More on “Browse-Wrap” Arbitration

Yesterday, I noted the Pennsylvania Supreme Court had agreed to hear a case involving browse-wrap arbitration agreements. Later in the day, the Seventh Circuit issued a decision concerning one such agreement, finding  that a consumer and a home improvement had entered into a valid and enforceable agreement.
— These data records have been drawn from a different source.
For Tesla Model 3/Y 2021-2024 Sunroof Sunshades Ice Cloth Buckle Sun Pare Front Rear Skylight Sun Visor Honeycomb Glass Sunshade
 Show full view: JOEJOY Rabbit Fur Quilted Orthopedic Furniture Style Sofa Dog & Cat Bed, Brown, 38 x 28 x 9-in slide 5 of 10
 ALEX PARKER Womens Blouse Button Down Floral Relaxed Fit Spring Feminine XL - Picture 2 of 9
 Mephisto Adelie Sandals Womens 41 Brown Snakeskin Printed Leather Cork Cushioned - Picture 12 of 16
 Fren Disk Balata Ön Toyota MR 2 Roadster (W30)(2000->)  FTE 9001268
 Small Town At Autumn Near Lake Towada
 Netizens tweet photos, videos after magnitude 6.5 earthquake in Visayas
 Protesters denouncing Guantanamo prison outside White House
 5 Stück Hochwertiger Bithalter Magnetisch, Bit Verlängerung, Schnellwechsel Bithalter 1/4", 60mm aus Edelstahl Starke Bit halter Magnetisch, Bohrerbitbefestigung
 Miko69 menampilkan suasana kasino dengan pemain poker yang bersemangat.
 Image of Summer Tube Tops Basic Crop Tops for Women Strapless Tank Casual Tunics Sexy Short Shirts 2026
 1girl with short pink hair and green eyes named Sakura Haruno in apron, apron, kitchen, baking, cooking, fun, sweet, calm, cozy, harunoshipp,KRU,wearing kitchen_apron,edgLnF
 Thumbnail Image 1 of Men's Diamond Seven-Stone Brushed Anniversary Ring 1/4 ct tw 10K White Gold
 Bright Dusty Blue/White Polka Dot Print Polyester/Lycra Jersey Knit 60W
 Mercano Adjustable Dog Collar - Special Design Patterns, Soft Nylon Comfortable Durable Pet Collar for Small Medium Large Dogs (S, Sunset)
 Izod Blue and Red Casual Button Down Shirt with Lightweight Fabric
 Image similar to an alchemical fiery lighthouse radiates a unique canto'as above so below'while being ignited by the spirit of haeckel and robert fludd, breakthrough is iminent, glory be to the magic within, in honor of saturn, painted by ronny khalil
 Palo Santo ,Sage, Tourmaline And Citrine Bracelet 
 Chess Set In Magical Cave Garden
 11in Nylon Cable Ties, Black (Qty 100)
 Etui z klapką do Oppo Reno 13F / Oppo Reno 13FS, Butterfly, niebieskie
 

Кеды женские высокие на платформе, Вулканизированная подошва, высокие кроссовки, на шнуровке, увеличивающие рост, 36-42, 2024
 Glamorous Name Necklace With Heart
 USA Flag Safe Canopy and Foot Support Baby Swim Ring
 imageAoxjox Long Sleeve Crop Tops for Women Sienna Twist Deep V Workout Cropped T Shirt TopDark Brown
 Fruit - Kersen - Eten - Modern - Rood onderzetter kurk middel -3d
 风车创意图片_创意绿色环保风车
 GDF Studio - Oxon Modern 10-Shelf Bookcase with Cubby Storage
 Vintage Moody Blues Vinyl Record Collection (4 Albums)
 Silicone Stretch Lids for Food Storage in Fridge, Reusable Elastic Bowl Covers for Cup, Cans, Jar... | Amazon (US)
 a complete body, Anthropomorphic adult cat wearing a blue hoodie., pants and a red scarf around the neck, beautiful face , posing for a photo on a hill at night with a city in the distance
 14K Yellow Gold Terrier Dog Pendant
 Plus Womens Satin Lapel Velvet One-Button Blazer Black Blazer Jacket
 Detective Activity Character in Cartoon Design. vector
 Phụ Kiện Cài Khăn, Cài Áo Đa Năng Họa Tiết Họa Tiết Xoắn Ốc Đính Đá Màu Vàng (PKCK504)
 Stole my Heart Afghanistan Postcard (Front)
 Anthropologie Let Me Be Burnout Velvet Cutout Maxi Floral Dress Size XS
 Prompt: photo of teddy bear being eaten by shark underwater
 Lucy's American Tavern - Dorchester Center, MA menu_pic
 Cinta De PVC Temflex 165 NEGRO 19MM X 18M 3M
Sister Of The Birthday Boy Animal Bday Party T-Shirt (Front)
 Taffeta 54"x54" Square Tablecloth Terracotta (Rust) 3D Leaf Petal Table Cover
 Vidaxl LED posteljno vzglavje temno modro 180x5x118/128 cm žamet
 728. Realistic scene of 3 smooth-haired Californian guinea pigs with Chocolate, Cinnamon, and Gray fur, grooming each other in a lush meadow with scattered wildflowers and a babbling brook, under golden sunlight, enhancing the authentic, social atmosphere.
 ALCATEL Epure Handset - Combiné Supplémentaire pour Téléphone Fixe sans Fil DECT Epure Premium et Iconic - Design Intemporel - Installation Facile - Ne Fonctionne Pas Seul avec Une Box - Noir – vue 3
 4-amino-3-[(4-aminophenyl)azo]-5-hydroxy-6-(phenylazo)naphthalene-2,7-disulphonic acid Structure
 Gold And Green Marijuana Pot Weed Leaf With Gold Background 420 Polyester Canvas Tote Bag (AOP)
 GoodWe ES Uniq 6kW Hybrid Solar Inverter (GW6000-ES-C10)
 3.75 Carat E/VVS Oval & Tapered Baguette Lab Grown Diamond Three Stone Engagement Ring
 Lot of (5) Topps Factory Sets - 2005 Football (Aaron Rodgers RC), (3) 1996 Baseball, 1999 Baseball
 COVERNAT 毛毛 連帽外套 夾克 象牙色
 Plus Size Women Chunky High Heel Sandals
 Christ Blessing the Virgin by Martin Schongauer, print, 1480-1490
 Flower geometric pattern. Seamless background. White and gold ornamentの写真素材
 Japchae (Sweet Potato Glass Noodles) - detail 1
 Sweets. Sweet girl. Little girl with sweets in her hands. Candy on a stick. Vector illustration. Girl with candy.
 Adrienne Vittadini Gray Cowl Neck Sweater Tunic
Adopting case law from the 9th and 2nd Circuits, the majority opinion applied a two-factor test: “(1) did the website provide reasonably conspicuous notice of the terms to which the consumer will be bound, and (2) did the consumer take some action that unambiguously manifested his or her assent to those terms?,” with an additional five factors going to the first of conspicuousness question.

Concurring in the judgment, Judge Hamilton argued  that “courts should try to rethink how we approach the issues of ‘click-wrap’ and ‘browse-wrap’ contracts of adhesion in online commerce,”  specifically by  “treat[ing] whether a ‘browse-wrap’ user interface gives sufficient notice of hidden but hyperlinked terms and conditions as a question of fact rather than a question of law.” Judge Hamilton’s concurrence explained the problems with browse-wrap adhesion contracts at length, comparing different companies’ models and discussing academic literature. He nonetheless concurred in the judgment on the grounds that the plaintiff “chose to litigate this case without trying to raise material factual disputes about fair notice.”